Finding the Good in the Workplace Bully is both revealing in its insights and actionable in its recommendations. Leaders in any type and size of organization should find it to be of great value.
Finding the Good in the Workplace Bully by Debra Stewart is an enlightening guide for redirecting the negativity that comes from being subject to bullying.
Stewart, who grew up being bullied, states that bullying in the workplace is a systemic problem. This brief but excellent book postulates a “bully triad” made up of the bully, the victim, and the bystanders, and states that they are all in some way responsible for continuing the bullying cycle.

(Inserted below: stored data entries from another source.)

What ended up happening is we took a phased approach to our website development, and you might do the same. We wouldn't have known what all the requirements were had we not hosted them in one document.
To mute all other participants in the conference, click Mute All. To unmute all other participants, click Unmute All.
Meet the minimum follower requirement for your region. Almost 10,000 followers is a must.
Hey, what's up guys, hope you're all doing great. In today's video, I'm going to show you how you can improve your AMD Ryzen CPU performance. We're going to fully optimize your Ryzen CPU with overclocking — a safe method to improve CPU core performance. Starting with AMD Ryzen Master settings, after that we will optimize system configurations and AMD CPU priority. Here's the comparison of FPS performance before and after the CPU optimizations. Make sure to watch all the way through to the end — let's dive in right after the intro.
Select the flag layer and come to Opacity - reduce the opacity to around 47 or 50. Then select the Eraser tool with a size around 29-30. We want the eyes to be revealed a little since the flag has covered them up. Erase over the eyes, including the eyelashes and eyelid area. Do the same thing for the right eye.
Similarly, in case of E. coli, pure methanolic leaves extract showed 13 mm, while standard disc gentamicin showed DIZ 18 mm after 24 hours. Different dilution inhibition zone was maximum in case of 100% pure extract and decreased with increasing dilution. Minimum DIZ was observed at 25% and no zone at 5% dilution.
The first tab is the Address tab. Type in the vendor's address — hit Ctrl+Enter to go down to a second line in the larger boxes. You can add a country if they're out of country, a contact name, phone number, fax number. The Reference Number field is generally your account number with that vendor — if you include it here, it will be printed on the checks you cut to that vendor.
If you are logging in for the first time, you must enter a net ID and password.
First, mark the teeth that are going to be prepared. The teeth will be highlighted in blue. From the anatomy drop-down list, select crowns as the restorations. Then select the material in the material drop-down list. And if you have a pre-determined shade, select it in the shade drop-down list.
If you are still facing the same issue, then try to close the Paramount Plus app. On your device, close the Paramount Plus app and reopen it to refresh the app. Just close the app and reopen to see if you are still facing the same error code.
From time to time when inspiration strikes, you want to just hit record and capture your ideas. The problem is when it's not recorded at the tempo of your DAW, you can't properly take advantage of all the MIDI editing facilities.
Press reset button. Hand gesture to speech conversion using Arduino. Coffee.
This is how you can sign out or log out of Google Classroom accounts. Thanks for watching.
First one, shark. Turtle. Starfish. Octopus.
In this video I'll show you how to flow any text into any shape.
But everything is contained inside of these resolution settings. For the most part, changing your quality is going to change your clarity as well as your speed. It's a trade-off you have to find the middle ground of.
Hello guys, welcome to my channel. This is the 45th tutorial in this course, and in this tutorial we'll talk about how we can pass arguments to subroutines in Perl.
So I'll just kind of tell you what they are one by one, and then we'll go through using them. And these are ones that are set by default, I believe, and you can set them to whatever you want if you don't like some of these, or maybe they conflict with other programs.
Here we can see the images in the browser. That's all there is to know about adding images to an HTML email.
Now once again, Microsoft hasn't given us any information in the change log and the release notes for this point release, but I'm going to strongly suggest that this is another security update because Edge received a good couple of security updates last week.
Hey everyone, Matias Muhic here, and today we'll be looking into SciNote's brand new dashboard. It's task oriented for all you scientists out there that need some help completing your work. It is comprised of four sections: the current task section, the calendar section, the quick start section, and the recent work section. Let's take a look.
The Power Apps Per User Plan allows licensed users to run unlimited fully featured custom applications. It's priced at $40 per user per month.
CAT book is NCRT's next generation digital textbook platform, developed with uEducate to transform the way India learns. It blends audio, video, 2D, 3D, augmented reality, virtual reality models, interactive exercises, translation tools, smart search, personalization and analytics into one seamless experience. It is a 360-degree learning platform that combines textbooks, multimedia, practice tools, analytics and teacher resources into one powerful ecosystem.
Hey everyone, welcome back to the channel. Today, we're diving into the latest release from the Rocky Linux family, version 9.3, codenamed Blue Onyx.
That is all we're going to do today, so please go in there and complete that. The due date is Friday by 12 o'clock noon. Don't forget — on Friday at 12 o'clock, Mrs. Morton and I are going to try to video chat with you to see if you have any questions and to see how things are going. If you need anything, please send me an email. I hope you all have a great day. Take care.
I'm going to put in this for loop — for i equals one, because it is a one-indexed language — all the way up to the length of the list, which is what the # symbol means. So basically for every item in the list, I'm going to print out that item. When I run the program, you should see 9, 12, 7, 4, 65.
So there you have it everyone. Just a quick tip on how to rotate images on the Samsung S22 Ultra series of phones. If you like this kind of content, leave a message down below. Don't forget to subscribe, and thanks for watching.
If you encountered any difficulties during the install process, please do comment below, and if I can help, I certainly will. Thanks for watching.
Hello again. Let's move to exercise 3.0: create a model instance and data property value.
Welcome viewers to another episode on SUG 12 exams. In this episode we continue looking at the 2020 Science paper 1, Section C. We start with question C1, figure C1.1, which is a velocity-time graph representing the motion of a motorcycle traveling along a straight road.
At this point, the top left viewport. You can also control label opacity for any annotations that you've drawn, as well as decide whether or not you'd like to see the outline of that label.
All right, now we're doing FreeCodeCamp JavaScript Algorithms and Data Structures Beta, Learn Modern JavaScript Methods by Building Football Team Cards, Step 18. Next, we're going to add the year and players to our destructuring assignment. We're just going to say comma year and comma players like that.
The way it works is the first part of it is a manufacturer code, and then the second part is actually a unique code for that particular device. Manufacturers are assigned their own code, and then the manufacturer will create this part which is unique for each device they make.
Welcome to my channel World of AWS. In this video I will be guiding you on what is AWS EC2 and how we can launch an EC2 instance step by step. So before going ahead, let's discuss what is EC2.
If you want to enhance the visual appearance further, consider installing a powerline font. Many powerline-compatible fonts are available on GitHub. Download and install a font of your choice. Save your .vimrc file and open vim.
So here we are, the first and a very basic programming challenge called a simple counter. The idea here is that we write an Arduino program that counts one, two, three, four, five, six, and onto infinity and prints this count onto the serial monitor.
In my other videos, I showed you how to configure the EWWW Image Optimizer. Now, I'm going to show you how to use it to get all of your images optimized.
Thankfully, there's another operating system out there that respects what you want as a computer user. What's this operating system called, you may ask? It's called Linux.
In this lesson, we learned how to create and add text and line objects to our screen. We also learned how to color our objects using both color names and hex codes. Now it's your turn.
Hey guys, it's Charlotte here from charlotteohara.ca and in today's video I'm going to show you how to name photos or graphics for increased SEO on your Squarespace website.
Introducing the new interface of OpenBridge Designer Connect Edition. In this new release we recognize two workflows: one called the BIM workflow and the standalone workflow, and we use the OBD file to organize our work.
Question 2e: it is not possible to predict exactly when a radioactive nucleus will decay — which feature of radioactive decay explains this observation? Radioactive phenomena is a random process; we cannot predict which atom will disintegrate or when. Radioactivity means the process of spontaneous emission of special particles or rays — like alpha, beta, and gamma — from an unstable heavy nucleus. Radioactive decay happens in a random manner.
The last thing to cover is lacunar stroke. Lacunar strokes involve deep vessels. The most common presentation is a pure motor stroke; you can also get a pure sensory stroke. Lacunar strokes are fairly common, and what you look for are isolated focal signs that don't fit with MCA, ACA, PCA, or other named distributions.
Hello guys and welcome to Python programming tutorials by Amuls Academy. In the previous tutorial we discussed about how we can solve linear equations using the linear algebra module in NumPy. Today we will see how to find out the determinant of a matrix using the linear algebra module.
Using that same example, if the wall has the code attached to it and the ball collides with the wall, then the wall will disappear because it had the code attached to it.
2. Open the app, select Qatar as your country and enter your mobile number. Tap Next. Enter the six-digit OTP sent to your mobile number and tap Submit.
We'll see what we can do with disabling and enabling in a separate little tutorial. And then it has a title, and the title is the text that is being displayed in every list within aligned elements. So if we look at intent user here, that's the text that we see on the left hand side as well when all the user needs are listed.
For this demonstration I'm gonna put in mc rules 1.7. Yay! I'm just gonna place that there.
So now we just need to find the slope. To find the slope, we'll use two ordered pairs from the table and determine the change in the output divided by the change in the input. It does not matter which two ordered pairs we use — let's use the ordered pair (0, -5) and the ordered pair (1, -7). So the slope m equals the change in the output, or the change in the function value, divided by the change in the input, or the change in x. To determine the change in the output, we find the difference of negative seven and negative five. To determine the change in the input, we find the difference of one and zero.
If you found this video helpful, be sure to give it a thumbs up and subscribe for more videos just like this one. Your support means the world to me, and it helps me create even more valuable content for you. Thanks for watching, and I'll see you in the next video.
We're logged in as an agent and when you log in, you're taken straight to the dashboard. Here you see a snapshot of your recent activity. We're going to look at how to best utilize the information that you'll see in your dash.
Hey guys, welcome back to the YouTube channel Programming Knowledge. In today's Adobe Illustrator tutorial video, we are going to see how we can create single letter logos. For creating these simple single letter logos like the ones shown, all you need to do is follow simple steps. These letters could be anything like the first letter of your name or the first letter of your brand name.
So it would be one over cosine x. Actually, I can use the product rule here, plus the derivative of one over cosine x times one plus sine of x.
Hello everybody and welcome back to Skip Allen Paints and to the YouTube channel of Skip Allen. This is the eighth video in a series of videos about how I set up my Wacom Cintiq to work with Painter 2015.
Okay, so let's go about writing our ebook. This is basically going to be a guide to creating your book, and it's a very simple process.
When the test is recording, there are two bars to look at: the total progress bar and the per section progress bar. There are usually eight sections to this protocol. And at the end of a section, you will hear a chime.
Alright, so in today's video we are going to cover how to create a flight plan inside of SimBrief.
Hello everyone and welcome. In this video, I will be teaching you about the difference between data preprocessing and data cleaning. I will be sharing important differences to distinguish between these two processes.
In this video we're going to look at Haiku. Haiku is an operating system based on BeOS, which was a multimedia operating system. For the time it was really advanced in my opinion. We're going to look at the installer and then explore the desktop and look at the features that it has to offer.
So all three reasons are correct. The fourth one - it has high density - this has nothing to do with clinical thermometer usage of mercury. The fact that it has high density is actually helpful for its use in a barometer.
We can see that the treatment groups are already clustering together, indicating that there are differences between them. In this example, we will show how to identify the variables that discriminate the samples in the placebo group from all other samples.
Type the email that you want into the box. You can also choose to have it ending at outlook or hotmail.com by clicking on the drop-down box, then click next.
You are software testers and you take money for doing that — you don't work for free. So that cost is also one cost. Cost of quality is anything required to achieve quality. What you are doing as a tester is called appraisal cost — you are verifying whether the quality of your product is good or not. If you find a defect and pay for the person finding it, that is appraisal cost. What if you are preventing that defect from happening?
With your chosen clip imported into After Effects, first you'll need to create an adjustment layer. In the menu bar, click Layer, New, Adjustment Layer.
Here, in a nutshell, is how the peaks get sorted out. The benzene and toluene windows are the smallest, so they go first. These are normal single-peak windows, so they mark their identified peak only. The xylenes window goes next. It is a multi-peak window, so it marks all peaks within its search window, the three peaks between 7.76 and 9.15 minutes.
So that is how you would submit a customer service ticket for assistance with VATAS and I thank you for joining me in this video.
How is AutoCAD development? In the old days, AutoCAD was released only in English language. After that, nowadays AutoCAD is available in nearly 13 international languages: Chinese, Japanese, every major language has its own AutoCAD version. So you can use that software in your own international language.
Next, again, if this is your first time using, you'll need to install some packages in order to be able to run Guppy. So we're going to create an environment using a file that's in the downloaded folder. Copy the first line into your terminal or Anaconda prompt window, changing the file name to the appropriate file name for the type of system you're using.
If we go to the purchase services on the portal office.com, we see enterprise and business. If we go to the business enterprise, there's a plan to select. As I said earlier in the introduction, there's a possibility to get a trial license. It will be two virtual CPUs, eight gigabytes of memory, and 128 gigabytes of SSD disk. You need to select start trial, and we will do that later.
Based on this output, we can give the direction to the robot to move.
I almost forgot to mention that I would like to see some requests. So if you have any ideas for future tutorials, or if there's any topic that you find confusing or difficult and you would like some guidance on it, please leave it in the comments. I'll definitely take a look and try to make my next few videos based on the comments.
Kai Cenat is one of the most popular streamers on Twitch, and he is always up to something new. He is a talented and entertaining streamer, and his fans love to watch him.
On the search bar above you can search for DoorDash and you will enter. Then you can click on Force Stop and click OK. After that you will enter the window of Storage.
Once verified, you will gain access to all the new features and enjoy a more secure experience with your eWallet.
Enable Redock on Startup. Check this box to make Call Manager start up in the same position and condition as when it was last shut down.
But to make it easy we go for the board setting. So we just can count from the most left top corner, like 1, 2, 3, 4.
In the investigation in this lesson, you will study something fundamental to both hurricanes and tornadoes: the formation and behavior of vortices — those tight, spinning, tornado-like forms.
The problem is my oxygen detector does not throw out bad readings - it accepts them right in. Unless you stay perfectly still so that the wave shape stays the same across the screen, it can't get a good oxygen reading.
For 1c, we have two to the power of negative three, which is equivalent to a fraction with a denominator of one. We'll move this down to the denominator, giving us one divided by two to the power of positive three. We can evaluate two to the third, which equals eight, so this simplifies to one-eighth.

An organizational leader who wants to correct the situation, writes Stewart, needs to do “triage” in the form of a cultural assessment of the organization, a needs assessment, and then a plan for change and support. The book discusses these four phases and demonstrates how to proceed.
Stewart not only offers a discussion of assessments, she provides three rubrics—a bully assessment rubric, a victim assessment rubric, and a bystander assessment rubric—that the leader can use to evaluate and rate specific criteria.
Perhaps the most provocative aspect of the book is the author’s surprising slant of “finding the good” in the bully, the victim, and the bystander. Stewart very clearly describes bully behavior and acknowledges the harm the bully can do in an organization, but at the same time, she proposes organizational actions that can be taken to offset the bully’s negative impacts.
One possible solution, for example, is to embrace the “Vital Life Community” wellness concept, writes Stewart, in which
employees are provided opportunities to socialize with one another, form healthy relationships with others who have similar wellness goals, and develop an attitude of helping others.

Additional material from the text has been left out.